Bloom-filters are probabilistic data-structures that are used to answer the question: “is X a member of set S?” It is possible to receive a false positive, but impossible to receive a false negative (in other words, if the bloom filter contains a value, it will never erroneously report that it does not contain such a value). The accuracy of the bloom-filter and the likelihood of a false positive can be reduced by increasing the size of the bloomfilter. The default size is 64KB (or 524,288 bits).

Rather than instantiate this class directly, use Database.bloom_filter().

__contains__(data)

Check if an item has been added to the bloomfilter.

Parameters:data (bytes) – a bytestring representing the item to check.
Returns:a boolean indicating whether or not the item is present in the bloomfilter. False-positives are possible, but a negative return value is definitive.
add(data)

Add an item to the bloomfilter.

Parameters:data (bytes) – a bytestring representing the item to add.
contains(data)

Check if an item has been added to the bloomfilter.

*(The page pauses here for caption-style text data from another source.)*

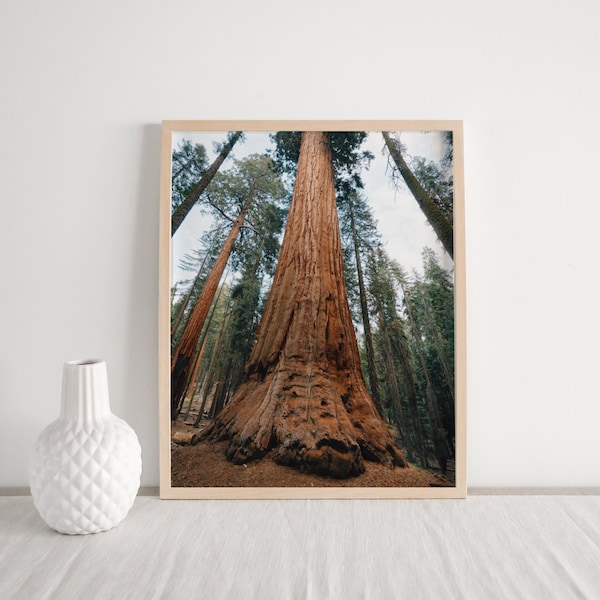 Sequoia National Park Photo - Landscape, California, Print, Wall Art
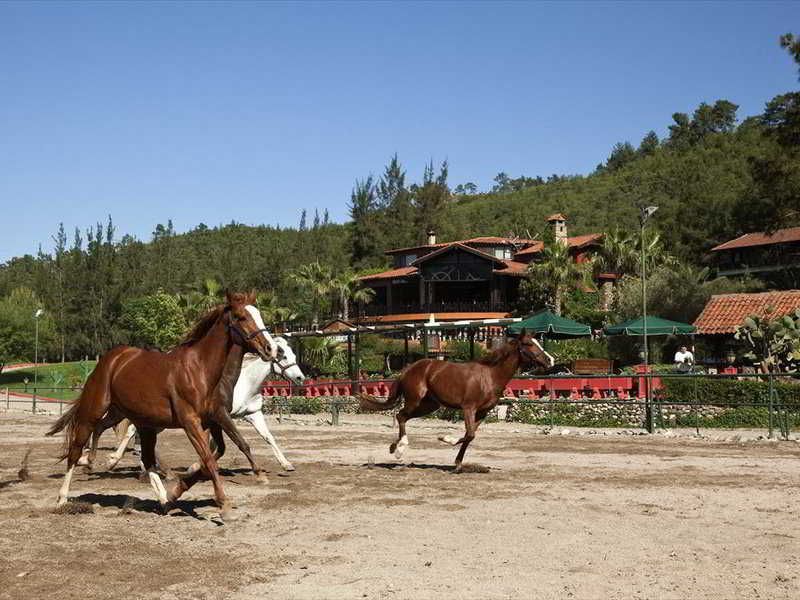 Hotel Berke Ranch & Nature, foto 15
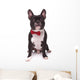 Portrait Cute French Bulldog Wall Decal
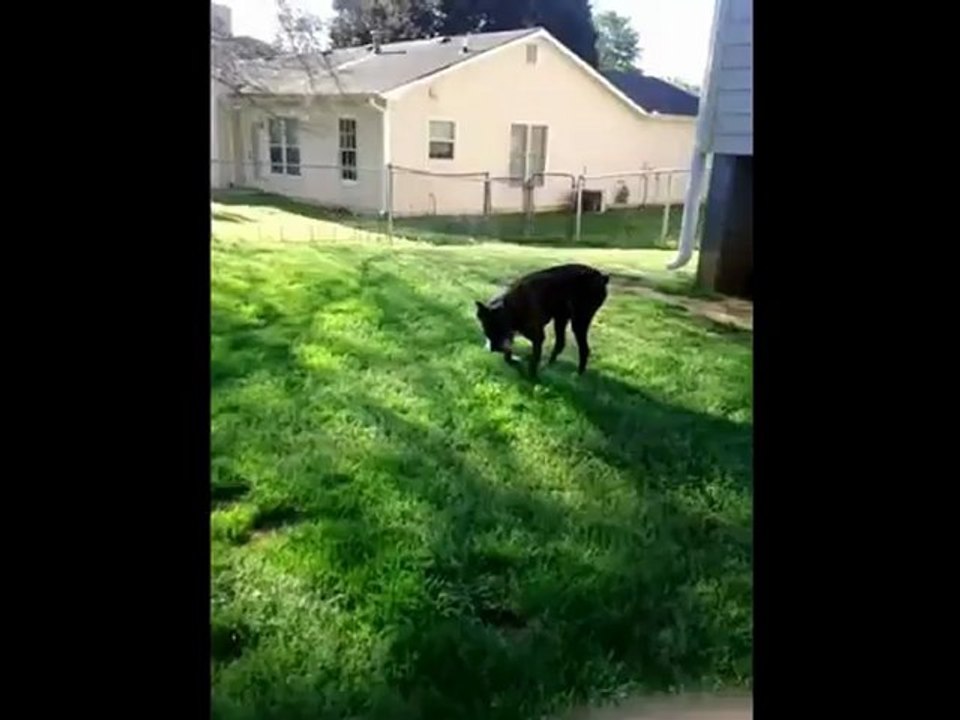 Dog Dysplasia- Boxer changes condition in 12 weeks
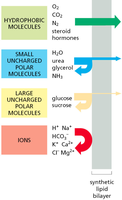Permeability of different molecules across synthetic lipid bilayer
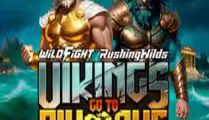 Vikings Go To Olympus Wild Fight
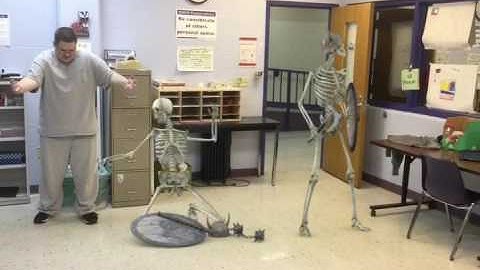 Unleashing The Undead Of Skeleton Warriors (FxGuru)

Parameters:data (bytes) – a bytestring representing the item to check.
Returns:a boolean indicating whether or not the item is present in the bloomfilter. False-positives are possible, but a negative return value is definitive.

High-level APIs

class walrus.Autocomplete(database, namespace='walrus', cache_timeout=600, stopwords_file='stopwords.txt', use_json=True)

Autocompletion for ascii-encoded string data. Titles are stored, along with any corollary data in Redis. Substrings of the title are stored in sorted sets using a unique scoring algorithm. The scoring algorithm aims to return results in a sensible order, by looking at the entire title and the position of the matched substring within the title.

Additionally, the autocomplete object supports boosting search results by object ID or object type.

__init__(database, namespace='walrus', cache_timeout=600, stopwords_file='stopwords.txt', use_json=True)
Parameters:
  • database – A Database instance.
  • namespace – Namespace to prefix keys used to store metadata.
  • cache_timeout – Complex searches using boosts will be cached. Specify the amount of time these results are cached for.
  • stopwords_file – Filename containing newline-separated stopwords. Set to None to disable stopwords filtering.
  • use_json (bool) – Whether object data should be serialized as JSON.
boost_object(obj_id=None, obj_type=None, multiplier=1.1, relative=True)

Boost search results for the given object or type by the amount specified. When the multiplier is greater than 1, the results will percolate to the top. Values between 0 and 1 will percolate results to the bottom.

Either an obj_id or obj_type (or both) must be specified.

Parameters:
  • obj_id – An object’s unique identifier (optional).
  • obj_type – The object’s type (optional).
  • multiplier – A positive floating-point number.
  • relative – If True, then any pre-existing saved boost will be updated using the given multiplier.

Examples:

# Make all objects of type=photos percolate to top.
ac.boost_object(obj_type='photo', multiplier=2.0)

# Boost a particularly popular blog entry.
ac.boost_object(
    popular_entry.id,
    'entry',
    multipler=5.0,
    relative=False)
exists(obj_id, obj_type=None)

Return whether the given object exists in the search index.

Parameters:
  • obj_id – The object’s unique identifier.
  • obj_type – The object’s type.
flush(batch_size=1000)

Delete all autocomplete indexes and metadata.

list_data()

Return all the data stored in the autocomplete index. If the data was stored as serialized JSON, then it will be de-serialized before being returned.

Return type:list
list_titles()

Return the titles of all objects stored in the autocomplete index.

Return type:list
remove(obj_id, obj_type=None)

Remove an object identified by the given obj_id (and optionally obj_type) from the search index.

Parameters:
  • obj_id – The object’s unique identifier.
  • obj_type – The object’s type.
search(phrase, limit=None, boosts=None, chunk_size=1000)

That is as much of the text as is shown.